Amherst Bee
- Type: Weekly newspaper
- Format: Tabloid
- Owner: Bee Group Newspapers
- Founder: Adam Lorenzo Rinewalt (1849–1902)
- Publisher: Trey Measer
- Editor: Bob Kupczyk
- Founded: 1879
- Language: American English
- Headquarters: 5564 Main Street Village of Williamsville
- City: Williamsville
- Country: United States
- Circulation: 27,000 (as of 2018)
- Readership: Williamsville, Buffalo
- ISSN: 1095-9432
- OCLC number: 12957674
- Website: www.amherstbee.com

= Amherst Bee =

The Amherst Bee is an American, English language newspaper established in 1879 which serves the Buffalo and Williamsville area of New York, and is part of the Bee Group Newspapers. It is published weekly on Wednesdays. Its estimated circulation was 27,000 in 2018.

== History ==
This newspaper was founded in 1879 by Adam Lorenzo Rinewalt. While Rinewalt was in later life deeply engaged in Republican politics, it was initially founded as an independent, nonpartisan paper.
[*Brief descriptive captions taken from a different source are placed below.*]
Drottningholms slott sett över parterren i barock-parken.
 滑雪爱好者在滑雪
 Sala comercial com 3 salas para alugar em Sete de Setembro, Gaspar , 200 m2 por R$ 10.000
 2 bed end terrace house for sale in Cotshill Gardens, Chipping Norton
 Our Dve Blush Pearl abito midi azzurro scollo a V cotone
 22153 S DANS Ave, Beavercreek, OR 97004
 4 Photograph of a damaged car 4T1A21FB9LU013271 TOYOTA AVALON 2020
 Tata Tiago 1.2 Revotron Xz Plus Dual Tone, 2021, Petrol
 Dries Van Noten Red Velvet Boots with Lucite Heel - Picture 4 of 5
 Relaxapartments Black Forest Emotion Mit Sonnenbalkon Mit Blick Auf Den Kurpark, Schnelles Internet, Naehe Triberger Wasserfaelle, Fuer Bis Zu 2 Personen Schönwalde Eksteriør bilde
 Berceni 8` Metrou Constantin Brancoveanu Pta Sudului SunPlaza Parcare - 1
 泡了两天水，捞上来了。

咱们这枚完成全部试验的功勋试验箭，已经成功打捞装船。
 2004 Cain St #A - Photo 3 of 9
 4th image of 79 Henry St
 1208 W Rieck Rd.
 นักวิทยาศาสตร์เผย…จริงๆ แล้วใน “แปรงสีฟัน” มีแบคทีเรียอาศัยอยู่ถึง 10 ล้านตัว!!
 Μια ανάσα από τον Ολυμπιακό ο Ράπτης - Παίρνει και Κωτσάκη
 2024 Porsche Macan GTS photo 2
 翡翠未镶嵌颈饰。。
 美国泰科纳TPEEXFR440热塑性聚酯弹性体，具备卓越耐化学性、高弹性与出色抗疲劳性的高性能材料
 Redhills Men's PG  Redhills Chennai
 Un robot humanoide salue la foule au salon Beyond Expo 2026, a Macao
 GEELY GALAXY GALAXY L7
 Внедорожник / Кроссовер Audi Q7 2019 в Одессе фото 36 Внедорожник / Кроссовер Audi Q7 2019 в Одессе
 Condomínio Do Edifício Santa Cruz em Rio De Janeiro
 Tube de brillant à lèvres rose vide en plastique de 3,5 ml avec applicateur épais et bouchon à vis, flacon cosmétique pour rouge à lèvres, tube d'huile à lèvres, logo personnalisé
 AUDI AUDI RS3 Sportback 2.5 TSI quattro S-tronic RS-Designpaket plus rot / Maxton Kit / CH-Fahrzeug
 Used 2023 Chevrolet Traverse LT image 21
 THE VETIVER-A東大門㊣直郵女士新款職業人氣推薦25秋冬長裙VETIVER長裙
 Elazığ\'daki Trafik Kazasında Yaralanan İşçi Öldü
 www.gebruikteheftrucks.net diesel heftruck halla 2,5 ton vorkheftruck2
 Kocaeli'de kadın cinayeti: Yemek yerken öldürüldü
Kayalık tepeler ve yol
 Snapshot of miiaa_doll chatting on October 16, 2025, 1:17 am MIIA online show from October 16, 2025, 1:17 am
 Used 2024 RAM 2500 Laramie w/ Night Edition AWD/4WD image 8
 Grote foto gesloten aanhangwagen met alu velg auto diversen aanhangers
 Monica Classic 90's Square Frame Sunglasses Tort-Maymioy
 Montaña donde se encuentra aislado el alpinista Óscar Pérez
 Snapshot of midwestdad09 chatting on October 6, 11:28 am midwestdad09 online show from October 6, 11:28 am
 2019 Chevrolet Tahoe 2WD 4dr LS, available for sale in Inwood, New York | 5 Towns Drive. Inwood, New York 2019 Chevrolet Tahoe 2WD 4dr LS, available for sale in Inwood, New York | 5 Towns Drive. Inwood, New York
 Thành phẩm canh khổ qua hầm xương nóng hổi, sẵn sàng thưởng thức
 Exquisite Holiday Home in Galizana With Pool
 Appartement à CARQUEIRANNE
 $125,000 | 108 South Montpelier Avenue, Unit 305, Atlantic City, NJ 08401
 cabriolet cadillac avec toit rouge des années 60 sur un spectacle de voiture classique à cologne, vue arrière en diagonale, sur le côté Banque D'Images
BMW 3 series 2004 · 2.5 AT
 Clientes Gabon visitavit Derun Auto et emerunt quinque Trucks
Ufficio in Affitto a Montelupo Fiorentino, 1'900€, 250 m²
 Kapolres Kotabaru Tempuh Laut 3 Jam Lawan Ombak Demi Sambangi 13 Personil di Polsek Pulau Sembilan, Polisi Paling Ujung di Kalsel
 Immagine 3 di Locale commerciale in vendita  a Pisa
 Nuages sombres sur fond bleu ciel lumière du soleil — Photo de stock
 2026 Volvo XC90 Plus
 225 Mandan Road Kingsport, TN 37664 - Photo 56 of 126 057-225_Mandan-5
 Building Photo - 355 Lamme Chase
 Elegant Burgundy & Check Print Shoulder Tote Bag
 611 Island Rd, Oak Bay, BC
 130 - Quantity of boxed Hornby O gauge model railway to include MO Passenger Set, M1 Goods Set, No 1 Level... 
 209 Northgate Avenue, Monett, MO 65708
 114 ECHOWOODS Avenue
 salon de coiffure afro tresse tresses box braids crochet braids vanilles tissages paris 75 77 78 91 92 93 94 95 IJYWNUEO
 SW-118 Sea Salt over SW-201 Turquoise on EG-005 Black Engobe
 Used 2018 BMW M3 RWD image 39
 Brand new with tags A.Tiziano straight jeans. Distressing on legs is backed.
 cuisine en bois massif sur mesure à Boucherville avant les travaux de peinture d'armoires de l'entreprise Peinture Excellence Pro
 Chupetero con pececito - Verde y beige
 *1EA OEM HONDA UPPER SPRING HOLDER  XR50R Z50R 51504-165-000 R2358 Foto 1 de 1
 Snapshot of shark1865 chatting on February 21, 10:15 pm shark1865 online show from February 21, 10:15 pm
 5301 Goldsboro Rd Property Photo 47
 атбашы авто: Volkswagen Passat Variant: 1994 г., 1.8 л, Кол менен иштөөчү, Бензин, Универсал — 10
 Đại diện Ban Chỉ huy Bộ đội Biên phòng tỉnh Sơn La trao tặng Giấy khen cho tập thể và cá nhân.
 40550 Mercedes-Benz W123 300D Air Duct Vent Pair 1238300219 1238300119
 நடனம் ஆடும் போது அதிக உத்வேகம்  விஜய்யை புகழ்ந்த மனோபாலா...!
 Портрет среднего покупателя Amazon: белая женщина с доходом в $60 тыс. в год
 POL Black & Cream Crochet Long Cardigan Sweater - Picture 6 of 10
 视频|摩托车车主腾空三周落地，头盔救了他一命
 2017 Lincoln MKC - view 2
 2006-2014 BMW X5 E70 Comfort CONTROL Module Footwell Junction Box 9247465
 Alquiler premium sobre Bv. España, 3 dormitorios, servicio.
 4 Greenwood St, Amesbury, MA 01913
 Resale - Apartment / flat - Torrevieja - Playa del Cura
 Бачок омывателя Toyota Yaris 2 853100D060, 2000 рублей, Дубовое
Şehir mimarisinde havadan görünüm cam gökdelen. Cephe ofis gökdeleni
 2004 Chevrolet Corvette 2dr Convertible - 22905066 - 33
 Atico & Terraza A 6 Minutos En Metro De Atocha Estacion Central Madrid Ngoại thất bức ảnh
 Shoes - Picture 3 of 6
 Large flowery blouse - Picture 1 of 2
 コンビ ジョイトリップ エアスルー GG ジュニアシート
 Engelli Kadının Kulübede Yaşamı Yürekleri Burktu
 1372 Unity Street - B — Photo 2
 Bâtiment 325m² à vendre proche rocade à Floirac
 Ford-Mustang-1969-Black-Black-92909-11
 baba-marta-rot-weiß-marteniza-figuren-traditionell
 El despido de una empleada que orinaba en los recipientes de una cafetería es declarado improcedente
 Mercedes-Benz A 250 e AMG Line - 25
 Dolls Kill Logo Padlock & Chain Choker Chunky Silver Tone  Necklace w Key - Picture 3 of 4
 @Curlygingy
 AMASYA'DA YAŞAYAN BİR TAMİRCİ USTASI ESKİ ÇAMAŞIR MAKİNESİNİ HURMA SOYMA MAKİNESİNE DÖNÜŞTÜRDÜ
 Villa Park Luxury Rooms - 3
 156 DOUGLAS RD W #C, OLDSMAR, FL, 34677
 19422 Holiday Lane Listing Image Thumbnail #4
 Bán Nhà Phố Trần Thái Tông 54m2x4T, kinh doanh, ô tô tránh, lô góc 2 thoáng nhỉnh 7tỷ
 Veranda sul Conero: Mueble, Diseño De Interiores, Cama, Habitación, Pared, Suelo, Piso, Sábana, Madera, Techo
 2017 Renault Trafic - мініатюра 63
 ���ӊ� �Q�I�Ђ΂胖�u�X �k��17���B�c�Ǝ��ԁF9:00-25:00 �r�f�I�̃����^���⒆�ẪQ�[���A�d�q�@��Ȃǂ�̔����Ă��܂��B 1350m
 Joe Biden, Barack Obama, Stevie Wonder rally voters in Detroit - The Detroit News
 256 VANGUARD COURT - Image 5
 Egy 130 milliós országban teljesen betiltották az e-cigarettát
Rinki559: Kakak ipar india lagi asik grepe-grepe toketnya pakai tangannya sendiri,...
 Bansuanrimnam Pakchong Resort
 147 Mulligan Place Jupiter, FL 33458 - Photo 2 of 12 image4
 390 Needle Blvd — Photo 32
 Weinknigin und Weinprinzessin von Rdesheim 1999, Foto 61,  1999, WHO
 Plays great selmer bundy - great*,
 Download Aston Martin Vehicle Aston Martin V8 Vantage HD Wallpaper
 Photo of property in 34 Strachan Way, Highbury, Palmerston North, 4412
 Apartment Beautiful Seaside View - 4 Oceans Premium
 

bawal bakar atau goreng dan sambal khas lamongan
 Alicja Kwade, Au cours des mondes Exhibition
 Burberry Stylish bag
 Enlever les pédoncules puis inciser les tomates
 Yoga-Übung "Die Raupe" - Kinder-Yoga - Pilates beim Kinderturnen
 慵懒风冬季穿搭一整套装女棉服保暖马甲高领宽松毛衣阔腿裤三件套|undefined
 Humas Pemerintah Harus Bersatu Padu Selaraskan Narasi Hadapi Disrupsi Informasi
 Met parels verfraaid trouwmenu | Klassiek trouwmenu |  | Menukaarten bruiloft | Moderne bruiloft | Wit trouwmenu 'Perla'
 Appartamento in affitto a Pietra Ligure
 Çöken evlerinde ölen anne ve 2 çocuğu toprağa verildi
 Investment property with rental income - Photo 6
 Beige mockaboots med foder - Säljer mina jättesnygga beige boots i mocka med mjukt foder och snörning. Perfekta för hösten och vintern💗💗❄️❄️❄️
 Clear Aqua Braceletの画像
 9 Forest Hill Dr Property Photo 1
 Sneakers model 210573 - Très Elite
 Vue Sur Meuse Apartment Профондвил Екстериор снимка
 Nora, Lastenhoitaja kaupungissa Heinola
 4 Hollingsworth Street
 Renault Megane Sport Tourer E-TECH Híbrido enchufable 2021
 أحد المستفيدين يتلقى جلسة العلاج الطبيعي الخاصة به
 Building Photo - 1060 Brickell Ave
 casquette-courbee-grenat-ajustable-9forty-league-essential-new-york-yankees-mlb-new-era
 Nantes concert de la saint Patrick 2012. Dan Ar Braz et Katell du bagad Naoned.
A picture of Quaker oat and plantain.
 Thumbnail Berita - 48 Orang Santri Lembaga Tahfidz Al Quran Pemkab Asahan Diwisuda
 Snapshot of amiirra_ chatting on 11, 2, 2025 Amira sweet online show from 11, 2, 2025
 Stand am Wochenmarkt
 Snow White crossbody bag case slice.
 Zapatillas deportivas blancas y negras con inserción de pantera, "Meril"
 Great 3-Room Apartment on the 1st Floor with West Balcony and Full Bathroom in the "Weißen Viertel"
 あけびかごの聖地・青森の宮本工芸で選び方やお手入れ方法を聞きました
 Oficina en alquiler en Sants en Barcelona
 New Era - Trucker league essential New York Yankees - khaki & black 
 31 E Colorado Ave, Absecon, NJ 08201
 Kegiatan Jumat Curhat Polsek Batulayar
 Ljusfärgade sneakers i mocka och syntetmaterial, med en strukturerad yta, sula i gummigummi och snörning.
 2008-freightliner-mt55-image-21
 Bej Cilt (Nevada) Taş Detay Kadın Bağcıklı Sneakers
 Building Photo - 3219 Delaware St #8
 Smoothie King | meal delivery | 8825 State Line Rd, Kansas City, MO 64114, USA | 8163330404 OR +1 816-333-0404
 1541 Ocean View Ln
The paper quickly became the leading journal in the county, and by 1880, the paper had moved to larger facilities.

Rinewalt ran the newspaper until his suicide on October 1, 1902. The paper was taken over by Rinewalt's wife and their son, Allan S. Rinewalt, until March 1907. In 1907, the paper was sold to Frank and his brother George Measer, who had worked for the paper as foreman the two years prior. George Measer operated the paper until his death in 1965, when his son George Jr. took it over. It was during George Jr.'s tenure that the Bee Group expanded, opening multiple local papers. After George Jr.'s retirement in 1994 his son, Trey Measer, took over. Trey remains the publisher, assisted by editor Anna DeRosa.

The Amherst Bee is known for never missing an issue, including during the Blizzard of '77. The first telephone in Amherst was installed at the Amherst Bee on Main Street.